Activity
Only the lines from the beginning of the listing below through the line with "Glenn Powell, Daisy" belong in the answer; please print them exactly and drop the pictures.

Entries shown
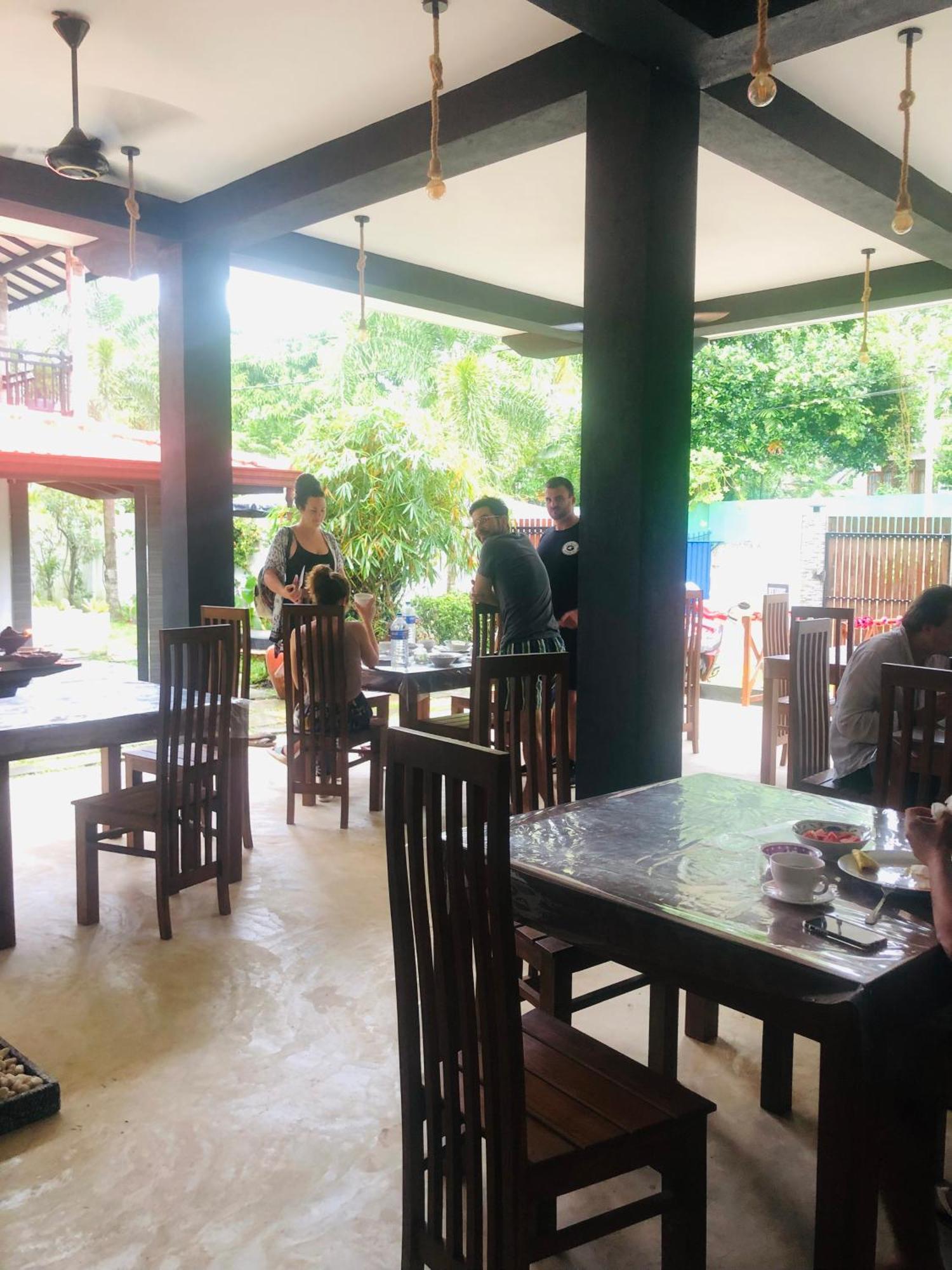 Hiriketiya New Radiant House Hotel Dikwella Bagian luar foto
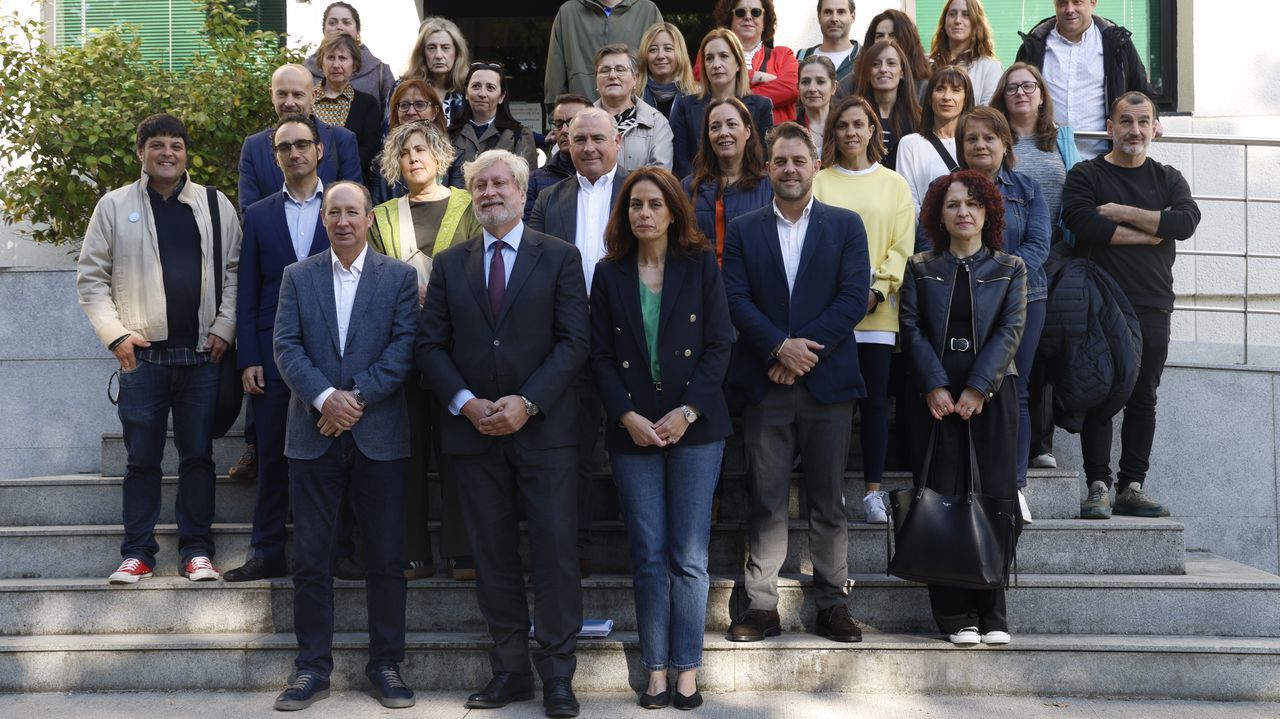 Encuentro entre directores de centros educativos de Ourense y responsables de la Administración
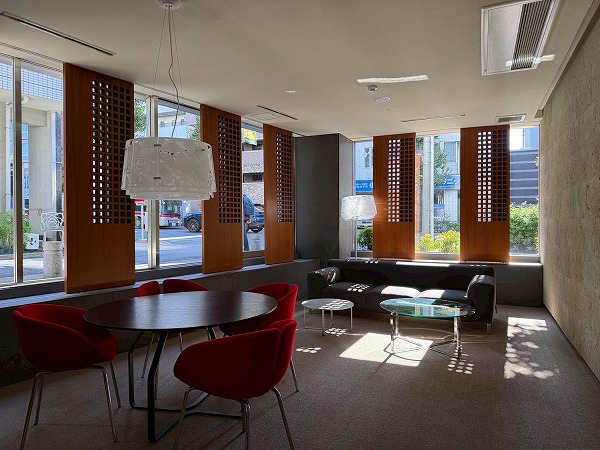 イニシアイオ目黒学芸大学 ロビー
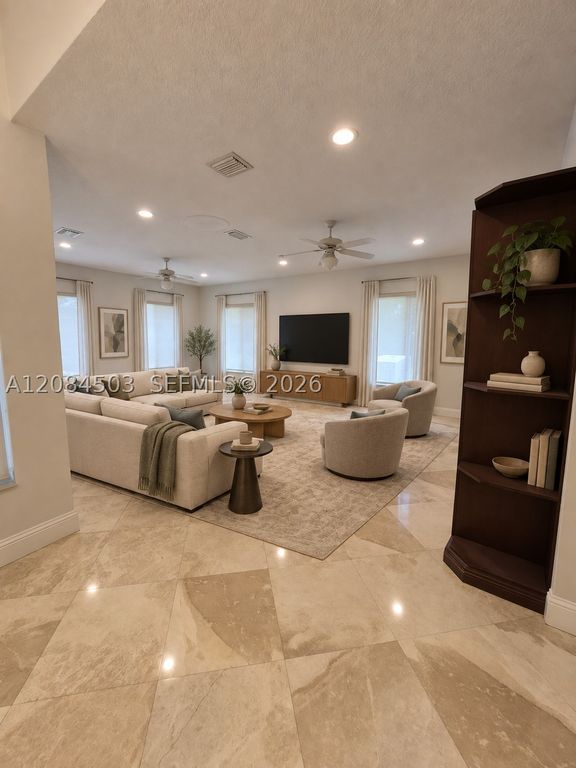 Image 13 of property listing at 7625 SW 75th Ave, Miami, FL 33143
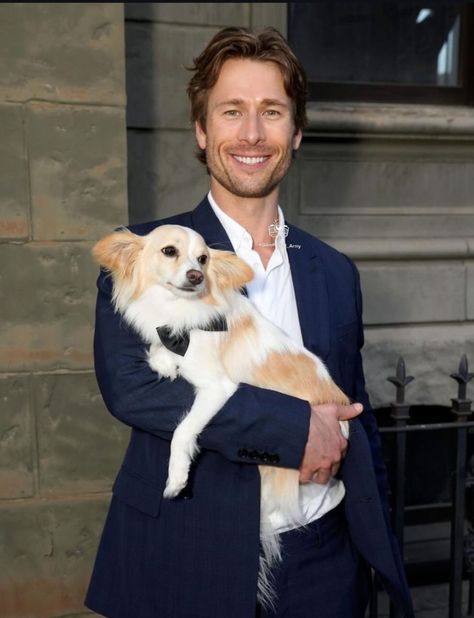 Glenn Powell, Daisy Edgar Jones, Dog Movies, Glen Powell, Rescue Dog, Sharp Dressed Man, Fictional Crushes, Ryan Gosling, Hot Actors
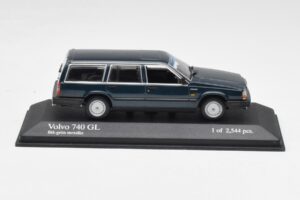 Volvo 740 GL Estate Kékeszöld Metál Minichamps 1:43 943171713 Fém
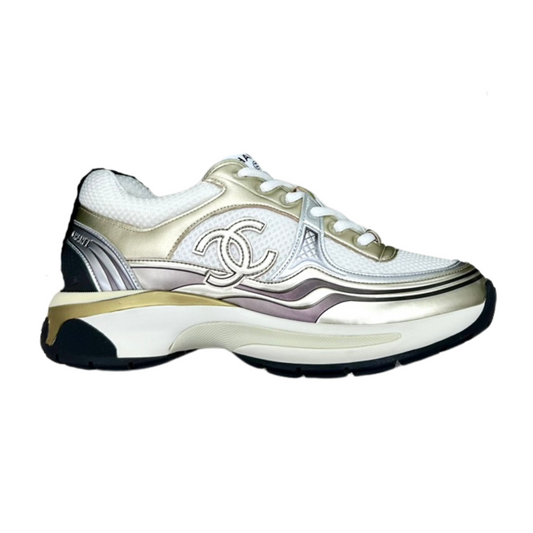 CHANEL CC RUNNERS SNEAKERS WHITE AND GOLD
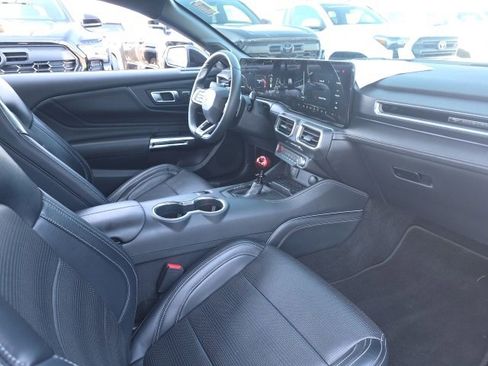 Used 2024 Ford Mustang GT Premium image 9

Solution for this exercise
 Hiriketiya New Radiant House Hotel Dikwella Bagian luar foto
 Encuentro entre directores de centros educativos de Ourense y responsables de la Administración
 イニシアイオ目黒学芸大学 ロビー
 Image 13 of property listing at 7625 SW 75th Ave, Miami, FL 33143
 Glenn Powell, Daisy Edgar Jones, Dog Movies, Glen Powell, Rescue Dog, Sharp Dressed Man, Fictional Crushes, Ryan Gosling, Hot Actors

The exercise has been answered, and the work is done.